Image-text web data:
◆ ◆ ◆ ◆ ◆ ◆ ◆
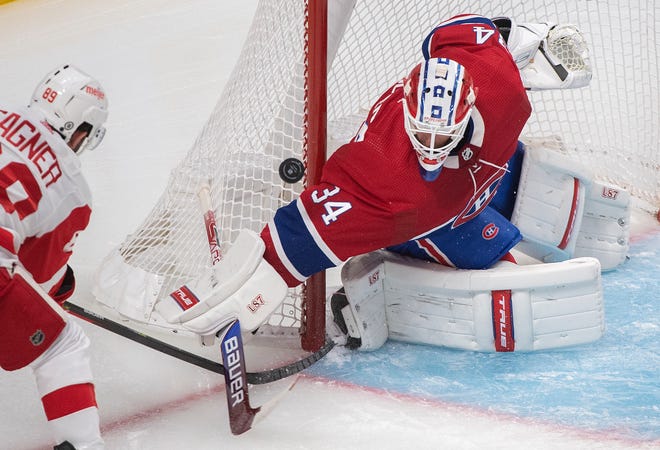 Canadiens goaltender Jake Allen stops Red Wings' Sam Gagner during the second period.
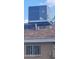 Exterior shot highlighting the efficient rooftop air conditioning unit and secure window at 4008 W El Caminito Dr, Phoenix, AZ 85051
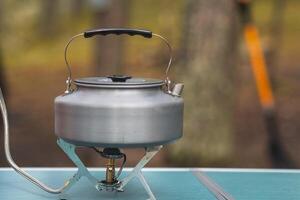 A silver kettle sits atop a portable stove, ready for use in a tranquil forest setting surrounded by nature photo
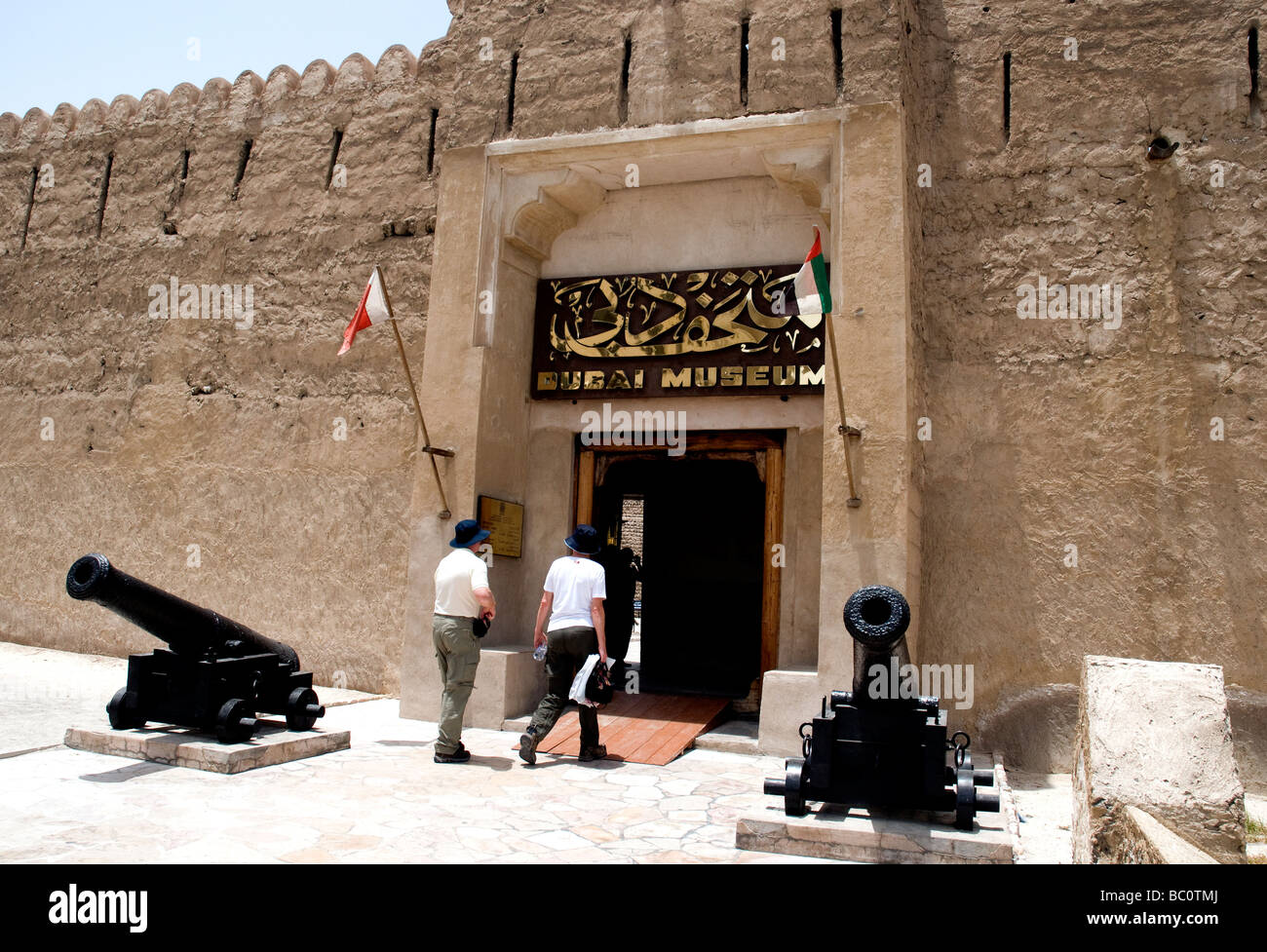 Cannons adorn the entry to the Dubai Museum, fomerly Al-Fahidi fort, in Bur Dubai, the city's Left Bank neighborhood Stock Photo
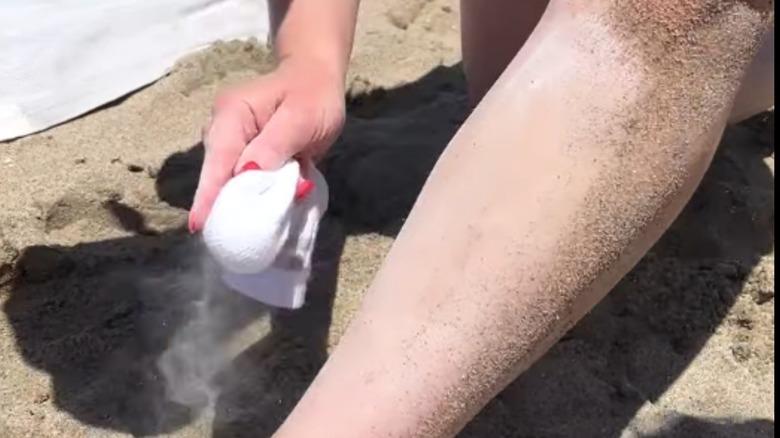 Removing sand from skin with baby powder-filled sock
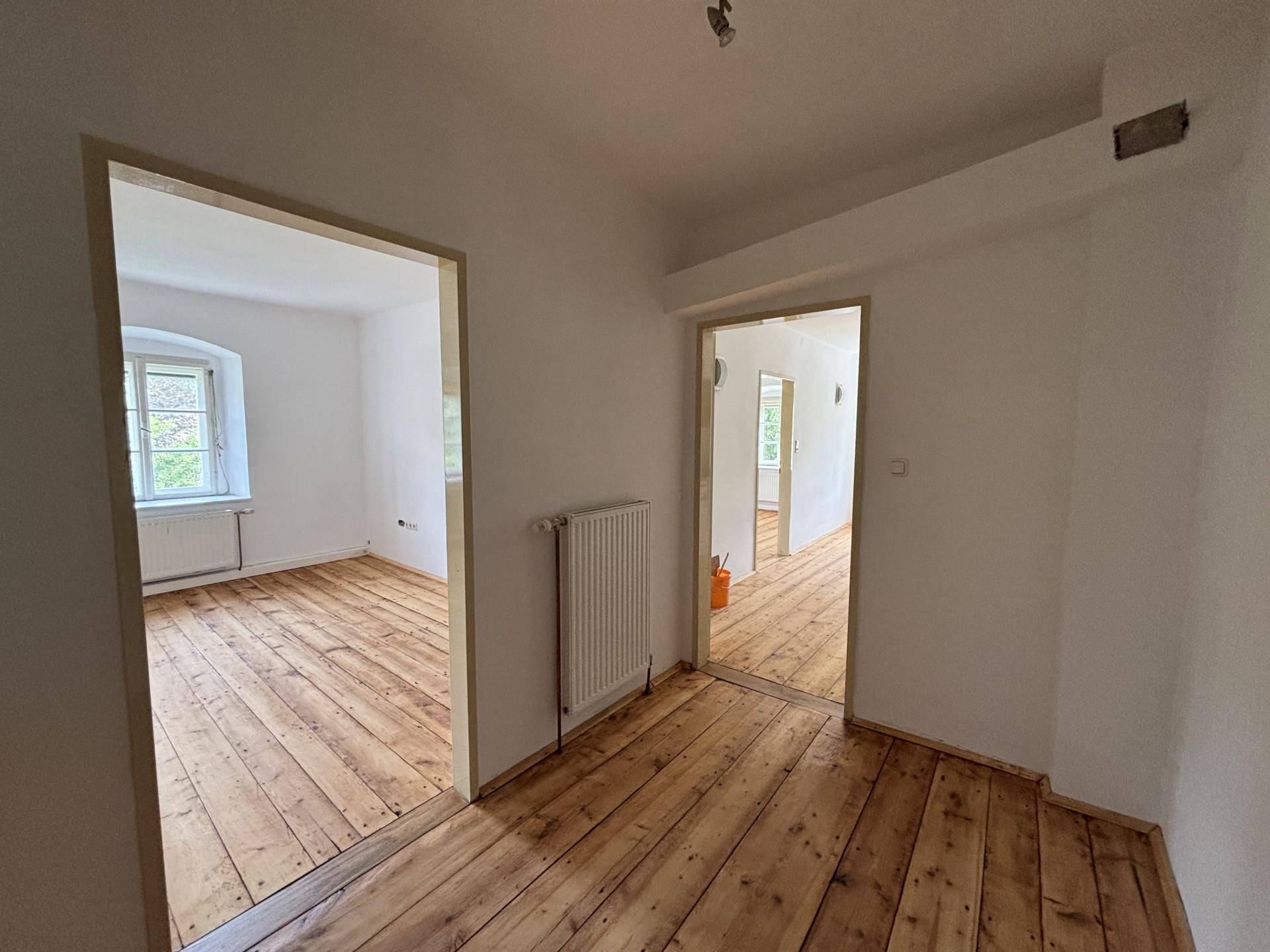 Heller Flur mit Holzdielenboden, der zu weiteren Zimmern mit ähnlicher Ausstattung führt.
◆ ◆ ◆ ◆ ◆ ◆ ◆
→ **What you need to do**
In the data above, find the line containing "Cannons adorn the"; from there, please write out each line through the end, exactly, with the pictures omitted.

→ **Response box**
 Cannons adorn the entry to the Dubai Museum, fomerly Al-Fahidi fort, in Bur Dubai, the city's Left Bank neighborhood Stock Photo
 Removing sand from skin with baby powder-filled sock
 Heller Flur mit Holzdielenboden, der zu weiteren Zimmern mit ähnlicher Ausstattung führt.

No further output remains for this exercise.